The album is book-ended by songs you might already know by Fairport Convention, Shirley Collins, Nic Jones and Mary Black. “Polly On The Shore” relates the dying regrets of a young buccaneer who’s pining for the love he left behind as he bleeds out; “Annachie Gordon” relates the death of another young woman, whose demise saves her from consummating her arranged marriage to a much older man. Of course, blood and sex have been the stuff of song since time immemorial. But just what was that young guy doing plundering the West Indies anyway? Why was that woman designated to marry a guy she didn’t pick? Pull the thread tight, and you’ll see these circumstances are drawn together by the pitiless engines of colonialism and capitalism, which turn anyone who lacks status and means into so much cannon fodder. If Morgan’s selection of covers thinks globally, her originals propose more locally attainable countermeasures. “Garden Song,” for example, extolls the pleasure and empowerment of living close to the earth, making sure that you know it’s her garden, no one else’s.

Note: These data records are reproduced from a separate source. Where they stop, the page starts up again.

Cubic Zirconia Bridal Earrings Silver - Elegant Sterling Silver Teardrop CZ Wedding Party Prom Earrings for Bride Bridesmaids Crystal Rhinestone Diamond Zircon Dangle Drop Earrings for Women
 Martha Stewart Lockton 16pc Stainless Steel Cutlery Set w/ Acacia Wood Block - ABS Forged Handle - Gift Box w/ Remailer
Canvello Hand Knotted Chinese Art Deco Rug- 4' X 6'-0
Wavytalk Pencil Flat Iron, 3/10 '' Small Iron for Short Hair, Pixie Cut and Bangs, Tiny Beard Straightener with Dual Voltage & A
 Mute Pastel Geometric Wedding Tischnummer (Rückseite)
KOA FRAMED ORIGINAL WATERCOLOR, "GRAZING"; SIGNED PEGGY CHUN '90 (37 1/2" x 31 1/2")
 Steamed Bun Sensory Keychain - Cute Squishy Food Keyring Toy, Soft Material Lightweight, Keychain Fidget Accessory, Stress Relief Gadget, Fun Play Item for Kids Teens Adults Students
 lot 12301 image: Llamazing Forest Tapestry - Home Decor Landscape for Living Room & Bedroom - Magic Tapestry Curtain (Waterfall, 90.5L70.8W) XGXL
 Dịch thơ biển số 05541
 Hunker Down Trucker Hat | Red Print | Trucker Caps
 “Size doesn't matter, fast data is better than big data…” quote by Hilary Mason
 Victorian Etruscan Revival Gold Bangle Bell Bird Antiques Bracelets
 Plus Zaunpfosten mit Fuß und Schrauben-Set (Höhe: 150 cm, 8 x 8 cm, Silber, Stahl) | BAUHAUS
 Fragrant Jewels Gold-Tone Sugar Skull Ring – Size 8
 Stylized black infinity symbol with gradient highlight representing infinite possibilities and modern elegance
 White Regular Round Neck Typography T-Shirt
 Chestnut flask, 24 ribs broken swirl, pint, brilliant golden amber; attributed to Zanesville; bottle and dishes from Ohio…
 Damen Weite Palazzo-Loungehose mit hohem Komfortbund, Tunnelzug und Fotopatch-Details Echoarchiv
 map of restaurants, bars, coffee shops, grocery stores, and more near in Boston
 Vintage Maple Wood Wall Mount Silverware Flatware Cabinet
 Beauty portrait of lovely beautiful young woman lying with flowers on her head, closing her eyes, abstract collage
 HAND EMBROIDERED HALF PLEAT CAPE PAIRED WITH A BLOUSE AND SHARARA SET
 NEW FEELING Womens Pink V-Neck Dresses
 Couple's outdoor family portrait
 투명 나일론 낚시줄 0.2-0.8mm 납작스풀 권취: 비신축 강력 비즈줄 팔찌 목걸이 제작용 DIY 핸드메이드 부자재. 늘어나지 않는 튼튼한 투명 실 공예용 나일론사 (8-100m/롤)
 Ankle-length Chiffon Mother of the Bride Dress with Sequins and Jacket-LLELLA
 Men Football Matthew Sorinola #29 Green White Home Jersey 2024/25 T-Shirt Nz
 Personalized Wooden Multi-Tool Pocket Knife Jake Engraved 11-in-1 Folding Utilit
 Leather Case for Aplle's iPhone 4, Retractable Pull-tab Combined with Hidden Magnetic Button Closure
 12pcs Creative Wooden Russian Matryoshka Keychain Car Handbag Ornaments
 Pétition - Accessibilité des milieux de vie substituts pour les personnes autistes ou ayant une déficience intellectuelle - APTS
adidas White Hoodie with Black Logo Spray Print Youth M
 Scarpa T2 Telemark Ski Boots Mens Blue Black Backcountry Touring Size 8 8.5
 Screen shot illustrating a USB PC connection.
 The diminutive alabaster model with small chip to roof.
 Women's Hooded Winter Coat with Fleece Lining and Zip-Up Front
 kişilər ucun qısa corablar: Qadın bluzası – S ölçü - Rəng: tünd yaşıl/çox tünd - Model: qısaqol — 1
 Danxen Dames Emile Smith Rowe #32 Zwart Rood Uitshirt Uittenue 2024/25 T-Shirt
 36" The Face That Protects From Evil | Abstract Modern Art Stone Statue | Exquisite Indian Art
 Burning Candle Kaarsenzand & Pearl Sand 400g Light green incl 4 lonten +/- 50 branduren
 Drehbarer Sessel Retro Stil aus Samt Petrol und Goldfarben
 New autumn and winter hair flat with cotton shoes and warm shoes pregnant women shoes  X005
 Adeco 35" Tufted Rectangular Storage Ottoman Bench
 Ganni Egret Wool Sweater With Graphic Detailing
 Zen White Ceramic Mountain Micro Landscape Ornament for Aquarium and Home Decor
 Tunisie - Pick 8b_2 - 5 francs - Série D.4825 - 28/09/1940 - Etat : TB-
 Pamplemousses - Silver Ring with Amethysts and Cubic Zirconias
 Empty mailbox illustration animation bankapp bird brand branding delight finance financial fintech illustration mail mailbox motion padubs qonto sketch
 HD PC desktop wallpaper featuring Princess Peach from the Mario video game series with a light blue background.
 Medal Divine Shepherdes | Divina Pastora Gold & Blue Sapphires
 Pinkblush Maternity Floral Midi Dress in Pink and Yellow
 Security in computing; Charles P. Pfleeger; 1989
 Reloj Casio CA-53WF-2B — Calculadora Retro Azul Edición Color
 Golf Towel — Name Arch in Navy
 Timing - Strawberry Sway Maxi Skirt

Morgan’s instrumentals also serve to bridge tradition and the present. “Sheep Shaped” (an original) and “Sugar In The Gourd” (a traditional tune that turns up a lot at fiddle competitions) are played with a strategically ragged edge and unerring timing; you can be sure that the arm pulling the bow is guided by deep knowledge of how to get folks to kick up some sawdust. But on “Ellemwood Meditation,” Morgan overdubs fiddle and piano to come up with a Blue Ridge mountaineer’s answer to Eno’s Music For Airports. Thread opens up several avenues for further exploration, leaving one curious where Morgan will go next.